Introduction to the auxvecLASSO package
In auxvecLASSO: LASSO Auxiliary Variable Selection and Auxiliary Vector Diagnostics

knitr::opts_chunk$set(
  collapse = TRUE,
  comment = "#>"
)

# Load necessary libraries
library(auxvecLASSO)
library(survey)
library(sampling)
library(dplyr)

# Set seed for reproducibility
set.seed(123)

Introduction

Auxiliary variables can greatly improve performance when using models in survey data analyses, for example in contexts like survey calibration, imputation or prediction. Traditional methods for variable selection, such as the commonly used stepwise forward selection method, have several drawbacks: they are greedy/myopic, sensitive to small changes in data, and may often lead to selecting irrelevant variables due to inflated Type I Errors.

In contrast, the LASSO (Least Absolute Shrinkage and Selection Operator) offers several advantages: simultaneous selection and shrinkage, stability even in high-dimensional settings, computational efficiency, and discouraging overfitting, leading to models that tend to generalize better to new data.
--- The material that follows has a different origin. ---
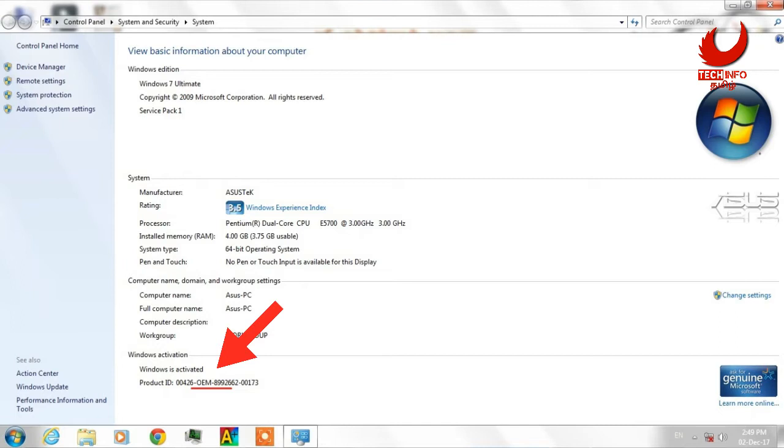If you use a pirated OS on a computer, you will be using a pirated OS. If you use a pirated OS, you will not use a license key, and you will use third-party software to activate the OS. If you use a pirated OS, you will activate that OS, but it will not be stable and there will be problems.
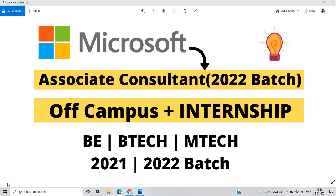Hello everyone, I am Lokesh and welcome back to the channel. So friends, this video is related to Microsoft off campus plus internship opportunity for the freshers batch.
In short, viewing auxiliary variable selection as a prediction/statistical learning problem can offer many advantages (see also, for example, Caughey & Hartman (2017) doi:10.2139/ssrn.3494436 and Mainzer et al. (2024) PMC7615727.

The auxvecLASSO package provides tools for selecting auxiliary variables using LASSO and conducting diagnostics related to survey calibration. The main function selection_auxiliary_variables_lasso_cv() allows users to perform LASSO-penalized regression (logistic regression for binary outcomes or linear regression for continuous outcomes) with cross-validation to select auxiliary variables for modeling one or more outcome variables. It allows for the inclusion of all two-way interactions among the auxiliary variables and the option to enforce a hierarchical structure by keeping certain variables in the model through the use of zero penalty factors.

A relative strength of the package is the accompanying function assess_aux_vector(), which can be used to evaluate the performance of candidate auxiliary vectors.

In this vignette, we demonstrate how to apply the key functions in the auxvecLASSO package using the api dataset from the survey package.

In this example, we will:

Select auxiliary variables using LASSO
Evaluate the chosen auxiliary vector

Dataset

We will work with the api data from the survey package. It contains survey data about the API scores of a population of schools and additional auxiliary variables. Based on the apipop dataset, we will draw a stratified sample which will serve as the point of departure for our modeling.

We begin by using the apipop dataset and add some binary variables to it to make calculations as easy as possible. Auxiliary variables can also contain more than two categories, and even be continuous/numerical. See the survey package documentation for more information on allowed formats for auxiliary variables.

# Load the population data
data(api)

# Load the population data file and add binary variables
api_pop <- apipop
api_pop$api00_bin <- as.factor(ifelse(api_pop$api00 > 650, 1, 0))
api_pop$growth_bin <- as.factor(ifelse(api_pop$growth > 25, 1, 0))
api_pop$meals_bin <- as.factor(ifelse(api_pop$meals > 40, 1, 0))
api_pop$ell_bin <- as.factor(ifelse(api_pop$ell > 15, 1, 0))
api_pop$hsg_bin <- as.factor(ifelse(api_pop$hsg > 20, 1, 0))
api_pop$full_bin <- as.factor(ifelse(api_pop$full > 90, 1, 0))
api_pop$sch.wide_bin <- as.factor(ifelse(api_pop$sch.wide == "Yes", 1, 0))
api_pop$awards_bin <- as.factor(ifelse(api_pop$awards == "Yes", 1, 0))
api_pop$comp.imp_bin <- as.factor(ifelse(api_pop$comp.imp == "Yes", 1, 0))
api_pop$stype <- as.factor(api_pop$stype)

# Keep only relevant variables
api_pop <- api_pop |>
  dplyr::select("cds", "stype", "enroll", ends_with("_bin"))

Next, we draw a stratified sample based on stype to create a sample file.

strata_sample <- sampling::strata(
  api_pop, # The population dataset
  stratanames = c("stype"), # Stratification variable
  size = c(150, 200, 175), # Desired sample sizes per stratum
  method = "srswor" # Sampling without replacement
)

api_sample <- getdata(api_pop, strata_sample)
api_sample$SamplingWeight <- 1 / api_sample$Prob

We will also add a response indicator to the sample file.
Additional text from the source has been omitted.